20170210:04:40:22:090313 gpsegstart.py_sdw7:gpadmin:sdw7:gpadmin-[INFO]:-Reviewing /data/hawq/segments/3/gpseg38
20170210:04:40:22:090313 gpsegstart.py_sdw7:gpadmin:sdw7:gpadmin-[WARNING]:-Error getting data stdout:"" stderr:"failed to con
nect: Connection refused (errno: 111) Retrying no 1 failed to connect: Connection refused (errno: 111) Retrying no 2 failed to connec
t: Connection refused (errno: 111) Retrying no 3 failed to connect: Connection refused (errno: 111) Retrying no 4 failed to connect:
Connection refused (errno: 111) Retrying no 5 failed to connect: Connection refused (errno: 111) Retrying no 6 failed to connect: Con
nection refused (errno: 111) Retrying no 7 failed to connect: Connection refused (errno: 111) Retrying no 8 failed to connect: Connec
tion refused (errno: 111) Retrying no 9 failed to connect: Connection refused (errno: 111) Retrying no 10 failed to connect: Connecti
on refused (errno: 111) Retrying no 11 failed to connect: Connection refused (errno: 111) Retrying no 12 failed to connect: Connectio
n refused (errno: 111) Retrying no 13 failed to connect: Connection refused (errno: 111) Retrying no 14 failed to connect: Connection
 refused (errno: 111) Retrying no 15 failed to connect: Connection refused (errno: 111) Retrying no 16 failed to connect: Connection
refused (errno: 111) Retrying no 17 failed to connect: Connection refused (errno: 111) Retrying no 18 failed to connect: Connection r
efused (errno: 111) Retrying no 19 failed to connect: Connection refused (errno: 111) "
20170210:04:40:22:090313 gpsegstart.py_sdw7:gpadmin:sdw7:gpadmin-[INFO]:-Marking failed /data/hawq/segments/3/gpseg38, Unable t
o connect to server, 9

Observe that another check found port 40002 is being used by one Java application - HBase RegionServer.
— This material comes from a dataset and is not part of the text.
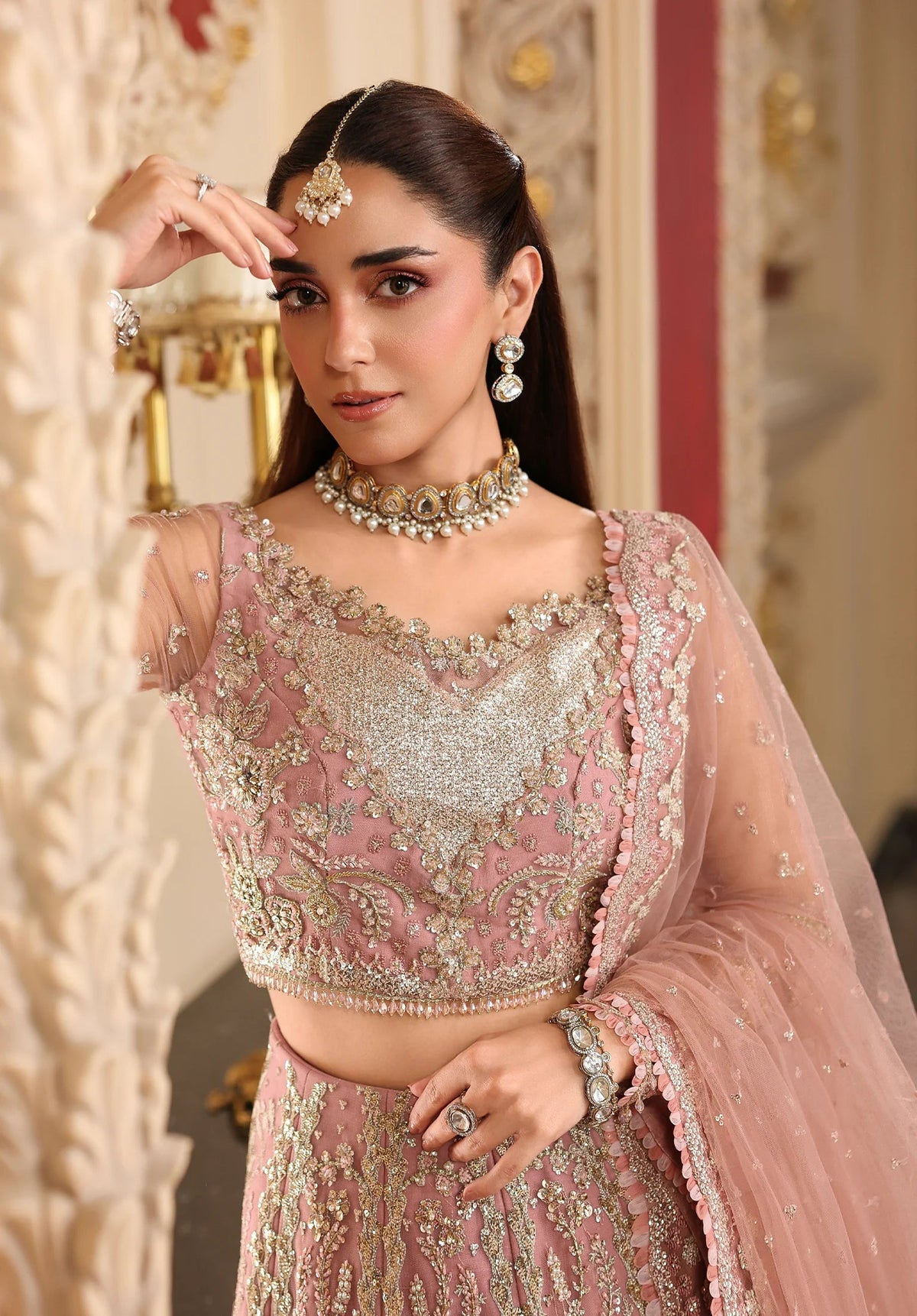 Elaf – ESH-02 Glamorous Style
[root@sdw7 ~]# netstat -anp|grep 40002
tcp 0 0 10.178.143.146:40002 10.178.143.137:2181 ESTABLISHED 86153/java
[root@sdw7 ~]# ps -ef|grep 86153
hbase 86153 86140 0 04:23 ? 00:00:15 /usr/jdk64/jdk1.7.0_67/bin/java -Dproc_regionserver -XX:OnOutOfMemoryError=kill -9 %p -Xmx1000m -Dhdp.version=3.0.1.0-1 -XX:+UseConcMarkSweepGC -XX:ErrorFile=/var/log/hbase/hs_err_pid%p.log -verbose:gc -XX:+PrintGCDetails -XX:+PrintGCDateStamps -Xloggc:/var/log/hbase/gc.log-201702100423 -Xmn512m -XX:CMSInitiatingOccupancyFraction=70 -Xms4096m -Xmx4096m -Dhbase.log.dir=/var/log/hbase -Dhbase.log.file=hbase-hbase-regionserver-rmisdcaw7.gphd.local.log -Dhbase.home.dir=/usr/phd/current/hbase-regionserver/bin/.. -Dhbase.id.str=hbase -Dhbase.root.logger=INFO,RFA -Djava.library.path=:/usr/phd/3.0.1.0-1/hadoop/lib/native/Linux-amd64-64:/usr/phd/3.0.1.0-1/hadoop/lib/native -Dhbase.security.logger=INFO,RFAS org.apache.hadoop.hbase.regionserver.HRegionServer start

Resolution

Follow these steps to resolve this issue:
 

1. Stop HBase RegionServer Java application on host sdw7 on Ambari Web UI.
2. Start up the HDB cluster.
3. Start HBase RegionServer Java application on host sdw7.